Assim, quer se tenha por revogado ou não o art. 2º do DL nº 296/84, o certo é que o número de coronéis do quadro especial se têm de ter por integrados no número global do respectivo posto previsto no DL 259/90, de 1990 a 1992 e, a partir de 1993, nos 161 lugares a que se reporta o Dec.

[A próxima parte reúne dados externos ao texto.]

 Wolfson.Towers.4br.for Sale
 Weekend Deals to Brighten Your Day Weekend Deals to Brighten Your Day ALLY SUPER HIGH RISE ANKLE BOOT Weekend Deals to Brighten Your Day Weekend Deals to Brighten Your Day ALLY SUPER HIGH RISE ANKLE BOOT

Lei nº 202/93.

Daí que, como refere a sentença recorrida, a nosso ver bem, não possa o Tribunal colidir com os despachos do CEM que procederam à distribuição dos efectivos dos quadros especiais, de acordo com o art. 179º nº 4 do DL 34-A/90, criando vagas além das previstas no quadro legalmente aprovado.

Por outro lado, sendo a promoção um direito este não aparece, contudo, como um direito absoluto, antes resultando da globalidade do EMFAR como sendo um direito dependente das necessidades estruturais das Forças Armadas e da consequente existência de vagas (cfr., entre outros, os artigos 116.º, 127.º, n.º 1 e 166.º, n.ºs 3 e 4 do actual EMFAR).

Sendo a promoção a coronel efectuada por escolha, desde que haja vaga e independentemente da antiguidade ( arts, 56º e 234º al. a) do DL nº 34-a/90 ), mesmo admitindo a não revogação do art. 2º do DL 296/84, que não tenha ficado demonstrado, face ao anteriormente explanado, que as vagas nos 8 postos de coronel, a que se refere este último Dec. Lei, ficaram por preencher até às datas em que os recorrentes foram passando à reserva ou à reforma.

Consequentemente, que não se verifique qualquer situação de demora na promoção por inexistência de qualquer dos requisitos a que se reportam os arts. 66º nº 1 do DL nº 34-A/90 e 62º do DL nº 236/99.

A sentença em recurso ao ter decidido da forma em que o fez não nos merece, pois, qualquer censura, não enfermando de erro de julgamento e violação das normas legais invocadas.

IV – Pelo que, em face do exposto e em conclusão emito parecer no sentido da improcedência do recurso, mantendo - se a sentença recorrida nos seus precisos termos.